### What this task involves
Leave the images aside and repeat the whole listing exactly.

[Data block — start]

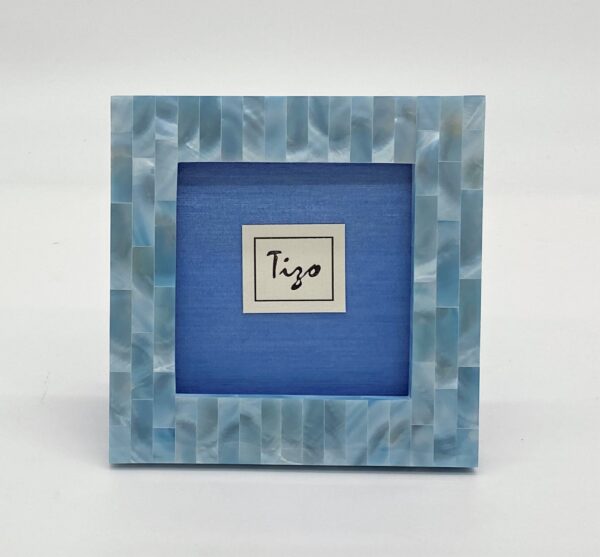 Light Blue MOP Frame - Image 3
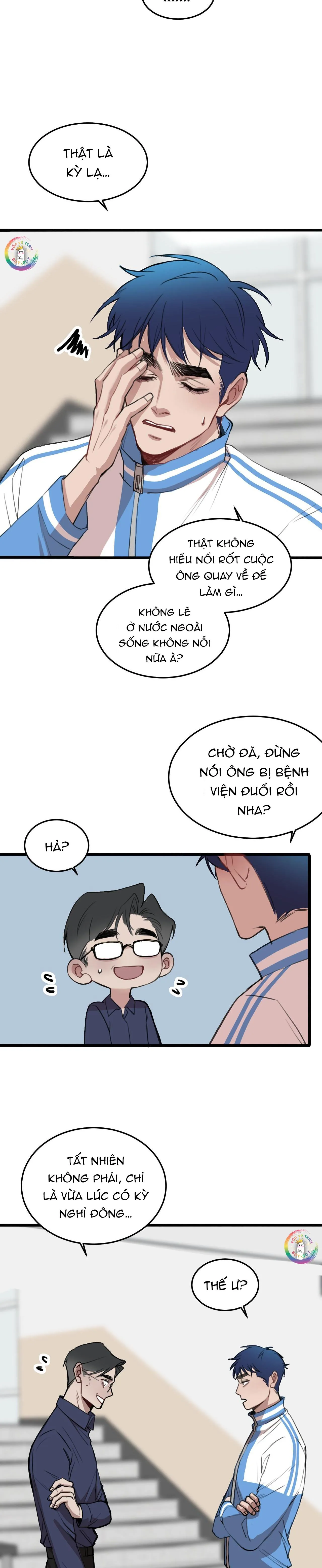 Rốt Cuộc Mèo Con Đang Nghĩ Gì Thế? Chapter 19 Trang 13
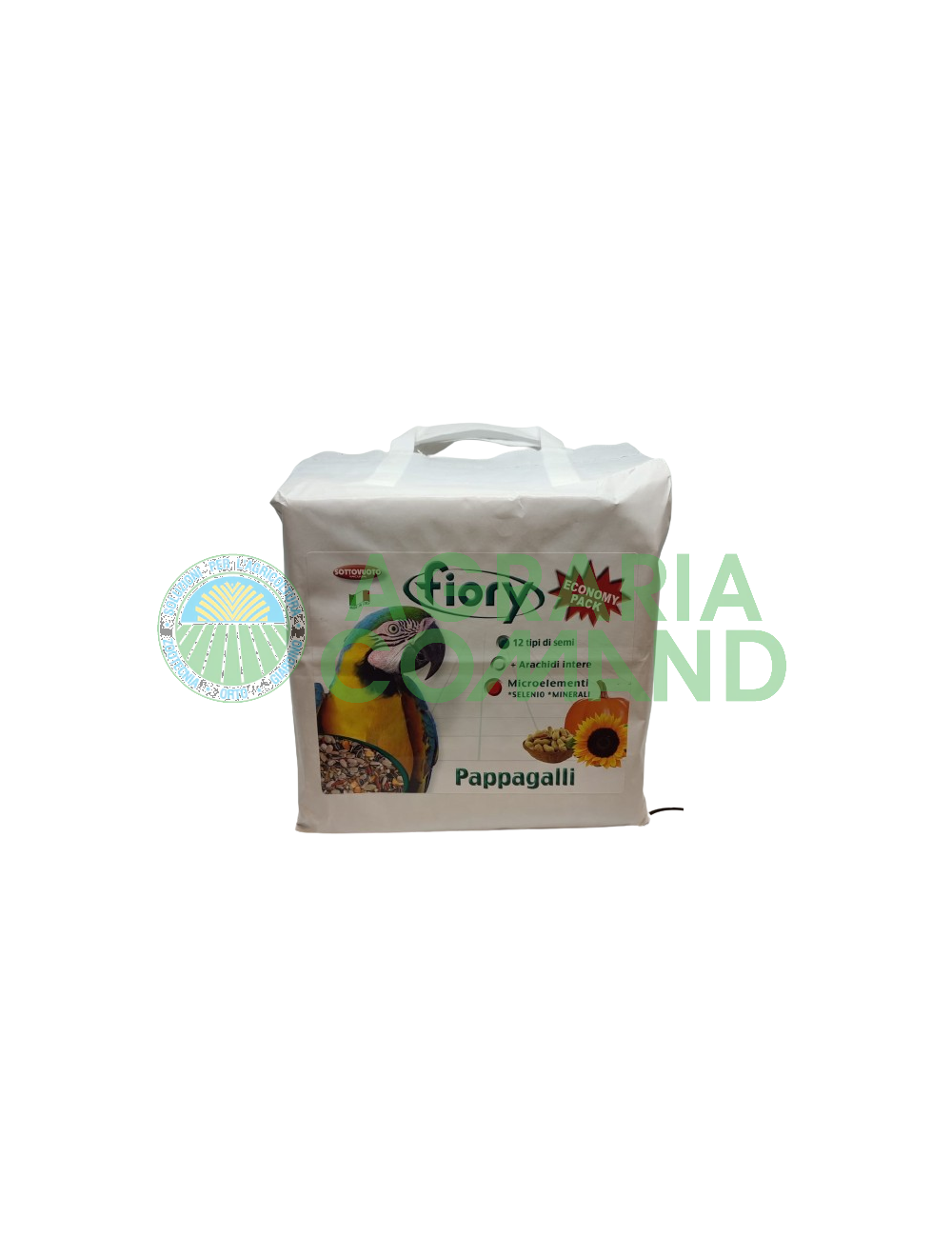 Economy Pack alimento per pappagalli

[Data block — finish]

### Written answer
 Light Blue MOP Frame - Image 3
 Rốt Cuộc Mèo Con Đang Nghĩ Gì Thế? Chapter 19 Trang 13
 Economy Pack alimento per pappagalli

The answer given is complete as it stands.